Install one new package (Characterization) and load it along with the other typical packages.

Set the connection details. I connect to the database here so I can set the option(con.default.value) setting in the next line.

Sys.setenv("DATABASECONNECTOR_JAR_FOLDER" = "insert path to JDBC driver")

connectionDetails <- DatabaseConnector::createConnectionDetails(
    dbms = "redshift",
    server = "ohdsi-lab-redshift-cluster-prod.clsyktjhufn7.us-east-1.redshift.amazonaws.com/ohdsi_lab",
    port = 5439,
    user = keyring::key_get("db_username"),
    password = keyring::key_get("db_password"))

atlas_url = "https://atlas.roux-ohdsi-prod.aws.northeastern.edu/WebAPI"
synpuf_schema = "omop_cdm_synpuf_110k_531"
write_schema = paste0("work_", keyring::key_get("db_username"))

con =  DatabaseConnector::connect(connectionDetails)

options(con.default.value = con)
options(schema.default.value = synpuf_schema)
options(write_schema.default.value = write_schema)

Connect to ATLAS

ROhdsiWebApi::authorizeWebApi(
    atlas_url,
    authMethod = "db",
    webApiUsername = keyring::key_get("atlas_username"),
    webApiPassword = keyring::key_get("atlas_password"))

Instead of setting one cohort Id, this time you’re setting a target cohort Id and an outcome id as the purpose of the characterization package is to compare a target cohort with an outcome cohort.

targetId <- 4675
outcomeId <- 4681

Pull the cohorts definitions from ATLAS, and use them to populate tables in your write_schema (this code comes from the “Generating a cohort” vignette)

cohortDefinitionSet <- ROhdsiWebApi::exportCohortDefinitionSet(
    baseUrl = atlas_url,
    cohortIds = c(targetId, outcomeId))


cohortTableNames <- CohortGenerator::getCohortTableNames(
    cohortTable = "cohort")


createCohortTables(
    connectionDetails = connectionDetails,
    cohortTableNames = cohortTableNames,
    cohortDatabaseSchema = write_schema)


cohortsGenerated <- CohortGenerator::generateCohortSet(
    connectionDetails = connectionDetails,
    cdmDatabaseSchema = synpuf_schema,
    cohortDatabaseSchema = write_schema,
    cohortTableNames = cohortTableNames,
    cohortDefinitionSet = cohortDefinitionSet)

Now, set the covariate settings.

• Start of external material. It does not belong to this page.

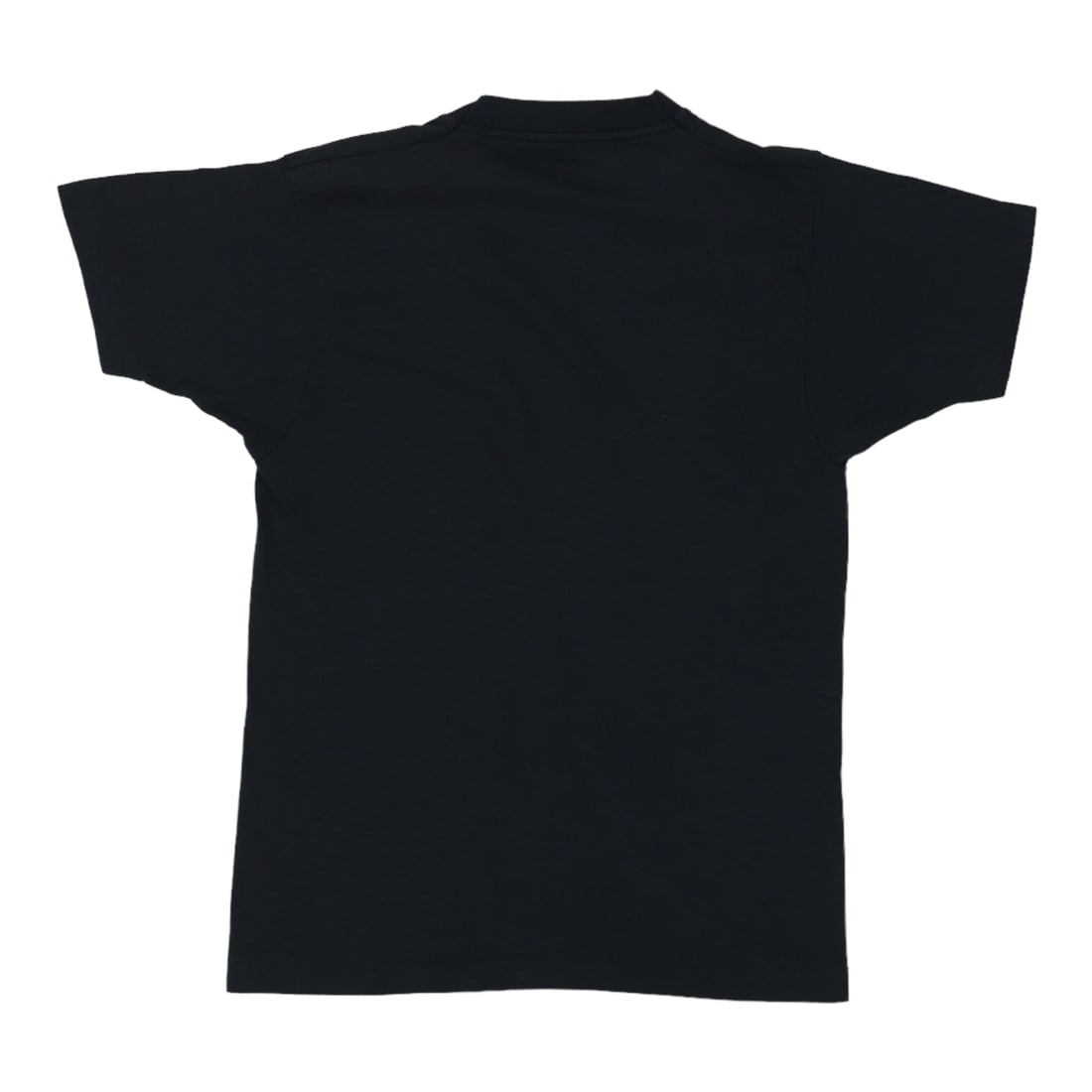 Shirt 1980s Samhain Initium - 2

The createCovariateSettings() function can be used to customize the output of characterization. Run ?createCovariateSettings to view all possible arguments. For now, we’ll just use createDefaultCovariateSettings() as we don’t need anything specific. The aggreegateCovariate Settings will be used as an argument when we set the characterization settings. Other argument options for characterization are timeToEventSettings and dechallengeRechallengeSettings.

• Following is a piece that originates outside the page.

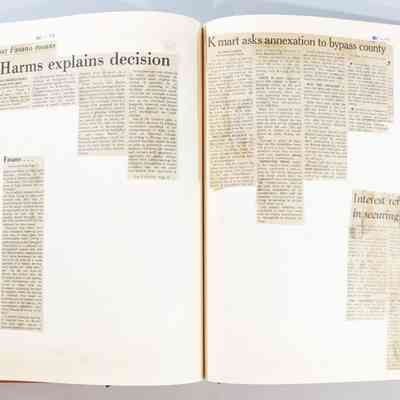 Pages 86-87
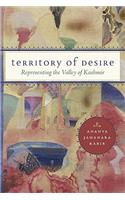 Territory of Desire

aggregateCovariateSettings <- Characterization::createAggregateCovariateSettings(
  targetIds = targetId,
  outcomeIds = outcomeId,
  riskWindowStart = 1,
  startAnchor = 'cohort start',
  riskWindowEnd = 365,
  endAnchor = 'cohort start',
  covariateSettings = FeatureExtraction::createDefaultCovariateSettings())

Set the characterization settings

characterizationSettings <- Characterization::createCharacterizationSettings(
  aggregateCovariateSettings = aggregateCovariateSettings)

Run the characterization. This will generate a series of csv files that can later be analyzed using traditional or programmatic methods. You may want to create a folder before running the following code and set the path of outputDirectory and executionPath to that folder.

Characterization::runCharacterizationAnalyses(
  connectionDetails = connectionDetails,
  cdmDatabaseSchema = synpuf_schema,
  targetDatabaseSchema = write_schema,
  targetTable = 'cohort',
  outcomeDatabaseSchema = write_schema,
  outcomeTable = 'cohort',
  characterizationSettings = characterizationSettings,   
  outputDirectory = "insert path to output folder",
  executionPath = "insert path to output folder",
  csvFilePrefix = 'insert custom prefix')

And that’s it! The characterization files may take a while to generate depending on the size of your cohorts and the amount of variables you include in your characterization settings.